A devolution deal for York and North Yorkshire is to be signed today which will include adult education funding transferring to local leaders.
The government’s levelling up white paper published in February confirmed devolution plans that would see York and North Yorkshire to agree a mayoral combined authority deal, an expanded mayoral combined authority deal for the north east, and invited formal negotiations with nine other areas for ‘county deals’.
Today, coinciding with Yorkshire Day, the York and North Yorkshire agreement is to be completed, which will see £540 million distributed to a new mayoral authority over the next 30 years.
The Department for Levelling Up, Housing and Communities confirmed that the deal will enable York and North Yorkshire to take control of its adult education functions – including the adult education budget (AEB) and contribute to local skills improvement plans.
It is unclear at this stage how much the area’s AEB will total, but the report said that the AEB would be fully devolved in time for the 2025/26 academic year.
Other devolved responsibilities include bus franchising, regeneration plans and new house building developments.
North Yorkshire County Council leader, Carl Les, said: “The chance to secure a host of decision-making powers as well as bringing in millions of pounds of investment for North Yorkshire is a huge opportunity to shape the future of the county for many years to come.
“Whether it is improving skills and education, bringing in more investment to the region or helping improve transport links and providing much-needed affordable housing, the deal will enable us to take far greater control of our own destinies.”
Levelling Up secretary Greg Clark said: “Yorkshire Day 2022 is an historic one.

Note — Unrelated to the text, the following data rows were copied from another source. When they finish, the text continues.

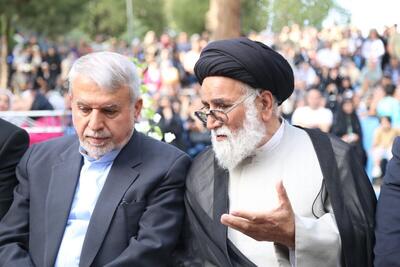 تشکیل هیئتی از باستان‌شناسان و مورخان برای کاوش پهنه نیشابور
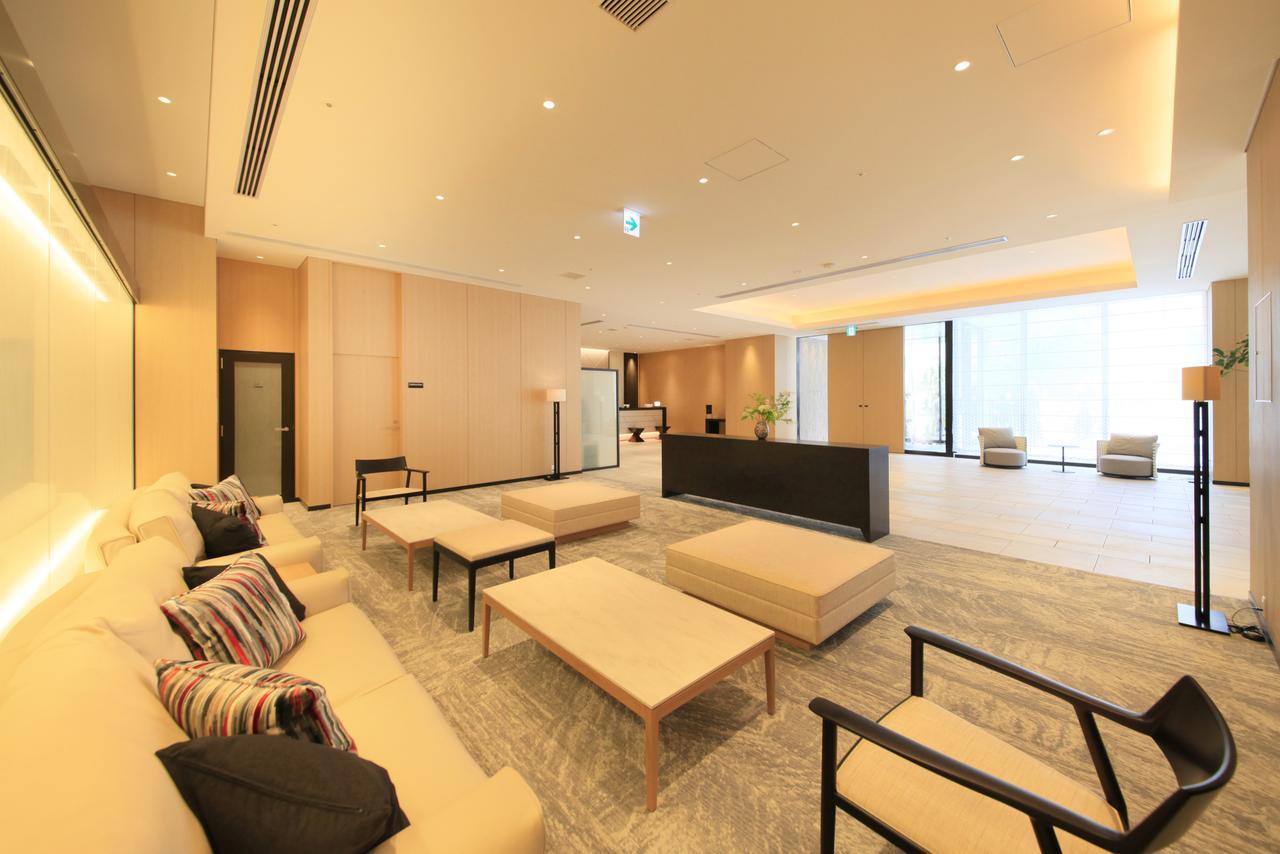 Richmond Hotel Himeji Εξωτερικό φωτογραφία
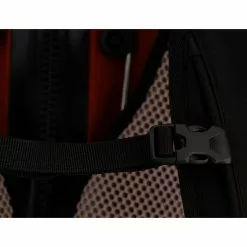 Ortlieb Atrack 45 L Rucksack -Duracell Verkäufe 370652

It marks the return of power and resources from London to much of North Riding.
“Levelling Up – driving prosperity and opportunity in all parts of Britain – is done best when people locally can forge the future of their area. This deal is a big step in that direction.”
Currently nine mayoral combined authorities and the Greater London Authority have devolved powers over adult education, including responsibilities to decide which providers deliver AEB provision in their area.
It means they can contract provision to meet local skills need, and set their own priorities.
More than half of the adult education budget, around 60 per cent, is already handled by devolved regions. More of the AEB will be devolved as more areas secure powers. It is the government’s ambition that eventually the adult skills system is wholly devolved.
Meanwhile, negotiations are continuing with the nine areas due for county deal devolutions, with announcements on those possibly coming as early as September.
Those deals are based on three levels of devolution. Level one has the lowest level of powers with local authorities working together in a committee. Level two has a county council without a directly elected mayor but more powers than level one, while level three includes a directly elected mayor with the most powers available.
Level two and three deals include devolved adult education functions as well as input into local skills improvement plans.
Negotiations are taking place behind closed doors, meaning the nature of each areas plans are murky at best, but most appear to be pursuing level two or three deals which would include those skills and adult education elements.
Those areas are: Cornwall; Derby and Derbyshire; Devon, Plymouth and Torbay; Durham; Hull and East Yorkshire; Leicestershire; Norfolk; Nottinghamshire and Nottingham; Suffolk.